26 February 2016 | Jamie Harris

Serco has reported a trading profit of £137.6 million for the year to 31 December 2015.

In its full-year results, the outsourcing firm rectified a £632.1 million loss it experienced in 2014. Full-year revenues in 2015 were reported to be £3.18 billion, down from £3.60 billion in 2014.

Serco's UK central government division, which includes a number of contracts with the Ministry of Defence, Ministry of Justice, and the immigration and transport sectors, saw revenues of £742.1 million, a 22 per cent fall on the previous year (£961.4 million).

Operating profit in this division was £60.2 million. The company noted the end of contracts with Docklands Light Railway in London, the National Physical Laboratory, and the Colnbrook immigration removal centre as key drivers in the revenue reduction.

Serco expects further revenue reductions in 2016 in this division, citing the transfer of services from the Defence Science and Technology Laboratory and the end of its current defence business services arrangement, as well as the end of the Northern Rail franchise it operates.

Its UK and Europe local and regional government division, which covers services in healthcare and other business support services, reported revenues of £905.8 million, down 6 per cent from 2014 (£959.8 million). Its operating loss in this division was £15.6 million.

Anticipated contract losses and revenue reductions in 2016 in this division are expected to have an impact of approximately £200 million. Serco attributes the end of its Suffolk Community Healthcare and National Citizen Services contracts to these anticipated losses.

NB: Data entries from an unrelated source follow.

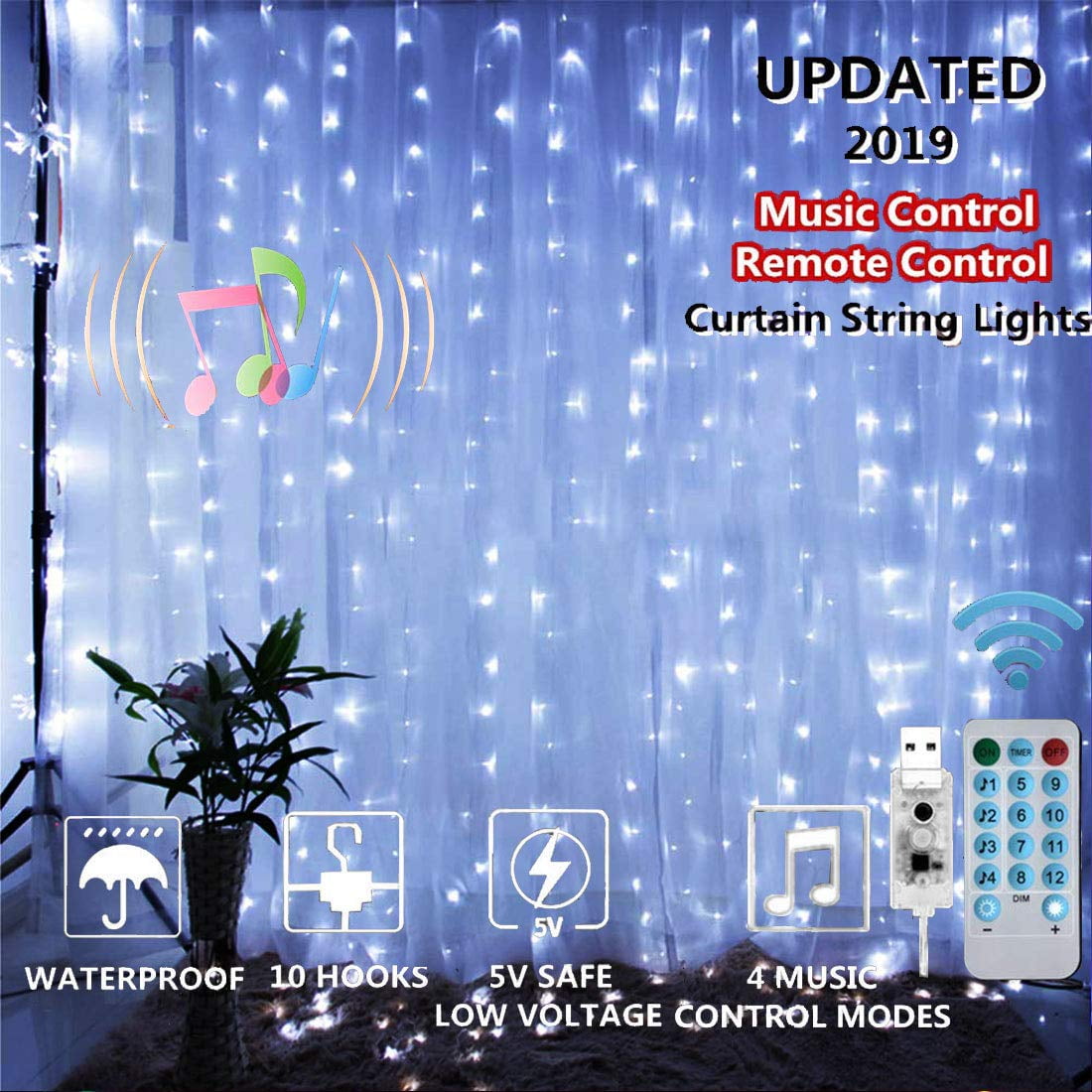 Epidgadget Window Curtain String Lights, 300 LED USB Powered Copper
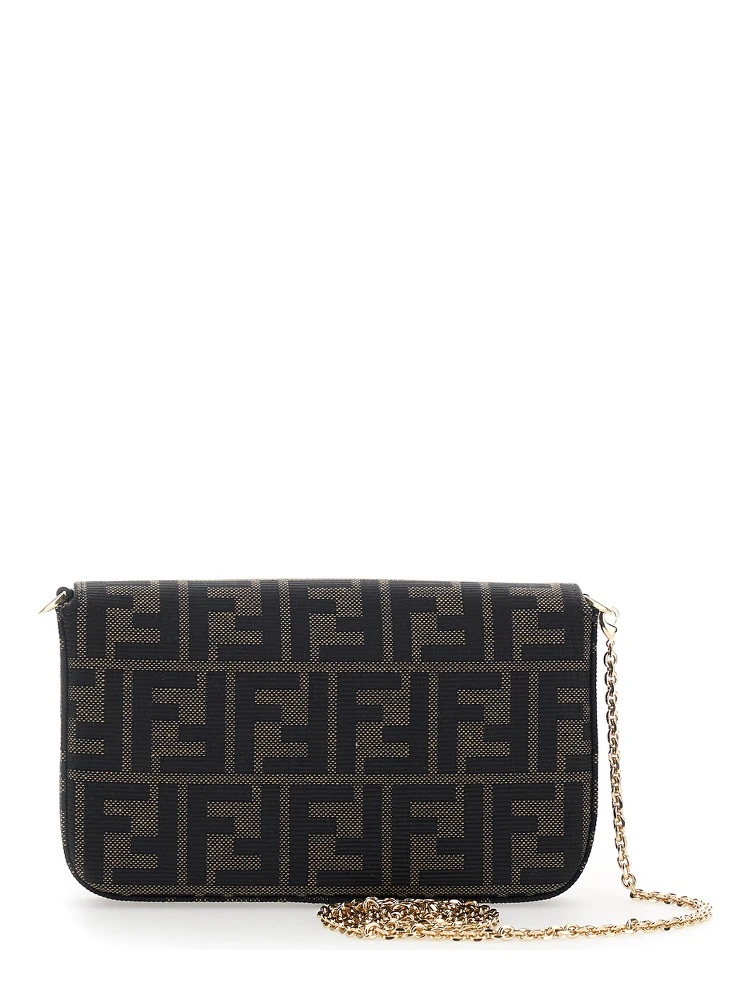 Brown Crossbody bag with chain strap and FF plate on the front in FF canvas for women alternative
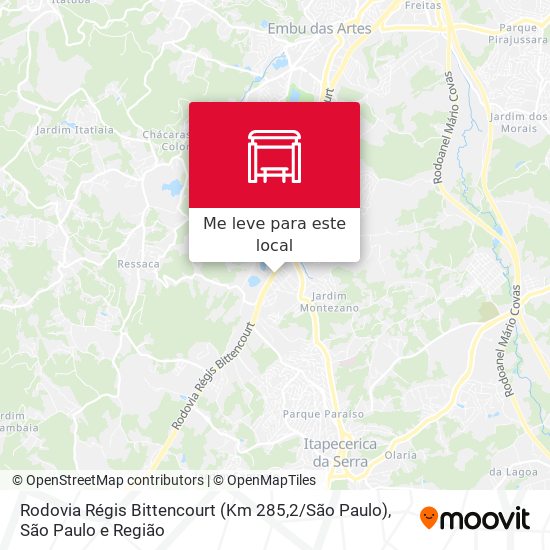 Rodovia Régis Bittencourt (Km 285,2 / São Paulo) mapa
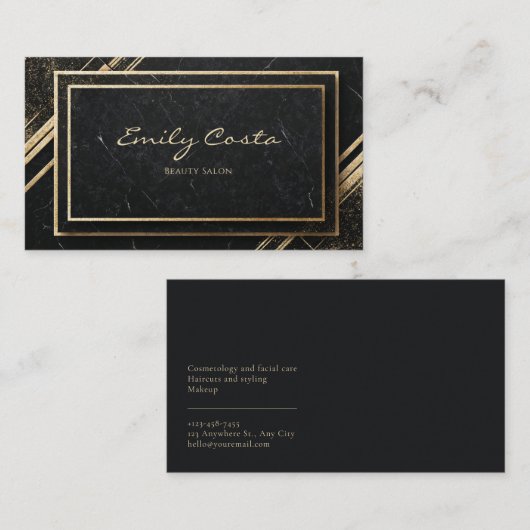 Luxe Art Deco Zwart en Goud Marmer Visitekaartje (Voorkant / Achterkant)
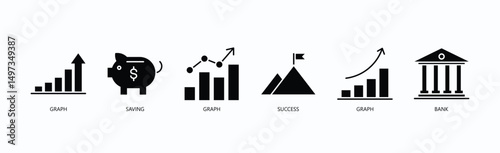 Growth Icon Set Isolated Vector With Icon Of Graph, Saving, Graph, Success, Graph, Bank In Glyph Style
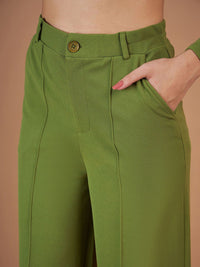 SASSAFRAS Green Puffed Slevees Top With Trousers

Rupert Soames, group chief executive of Serco, said: “Looking ahead, and in line with our plan, we expect revenues and profits to decline in 2016, as a result of the disposal of our private sector BPO business and contract attrition. We have four priorities this year: further improve the operational and financial performance of our contracts; build our new business pipeline; reduce our costs; and improve and embed our new management information systems.”